On Tuesday, protesters who attempted to enter Schumer's Midtown office found the doors locked when they arrived. Police eventually showed up and arrested seven of the activists for blocking the entrance. They were given desk appearance tickets and charged with refusing lawful orders to disperse and blocking pedestrian traffic.

Sunrise activists said the action was the "climax of a campaign" meant to push Schumer to co-sponsor the Green New Deal resolution. In addition to protesting outside his office, the group has requested meetings and town halls with the senator to discuss his climate plan. They say they've been consistently rebuffed, or ignored outright.

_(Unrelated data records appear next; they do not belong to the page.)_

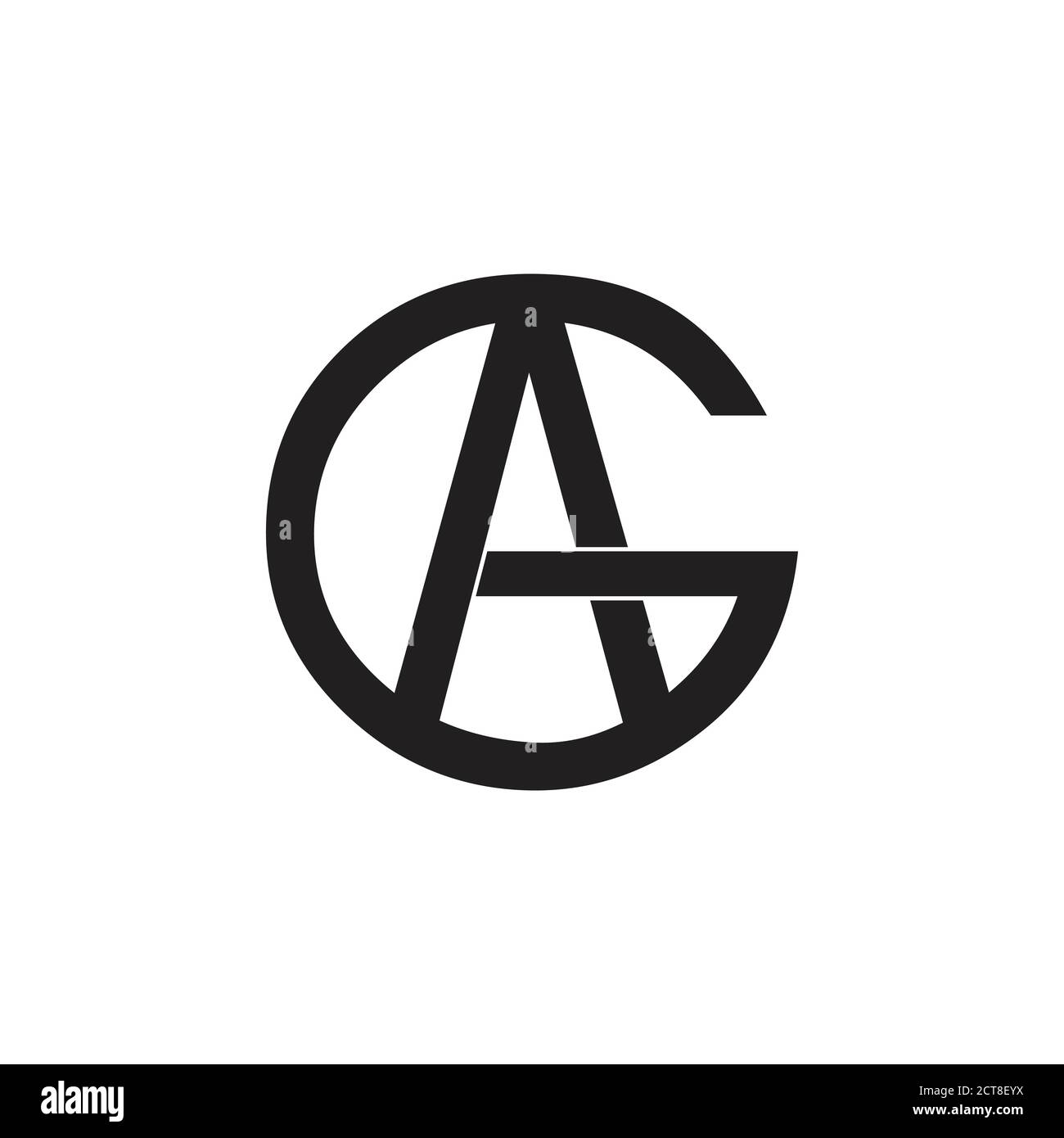 Letter ag hi-res stock photography and images - Alamy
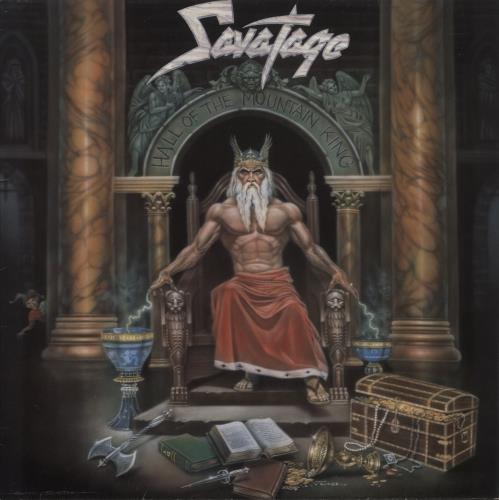 Savatage Hall Of The Mountain King vinyl LP album (LP record) German SVTLPHA554373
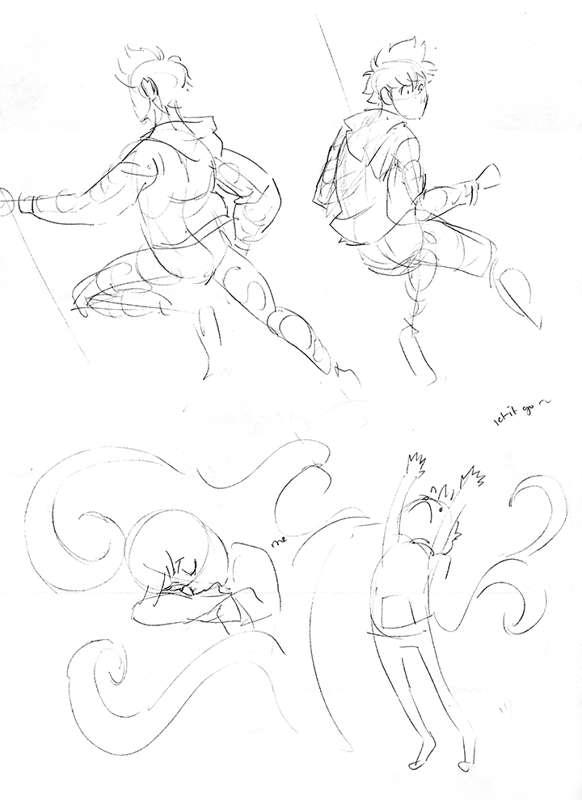 Jack Frost sketches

Arya Burke, a 21-year-old Sunrise organizer who was arrested on Tuesday, told Gothamist that she felt it was "ridiculous" that Schumer would brush aside his own constituents. "We don't think we're being unreasonable," she said. "He's criticized the GOP and Mitch McConnell for not having a climate plan, but he's given us no response about our plan."

In its current form, the Green New Deal is a four-part stimulus program that promises to shift the country away from fossil fuels and toward 100 percent renewable energy by 2030, while creating thousands of living-wage jobs focused on the required economic and social mobilization. The proposal has energized young progressive and longtime climate advocates alike. Many have argued that it represents the first serious pathway to achieving the "rapid, far-reaching and unprecedented changes in all aspects of society" that the scientific community now says will be required to stave of catastrophic climate change.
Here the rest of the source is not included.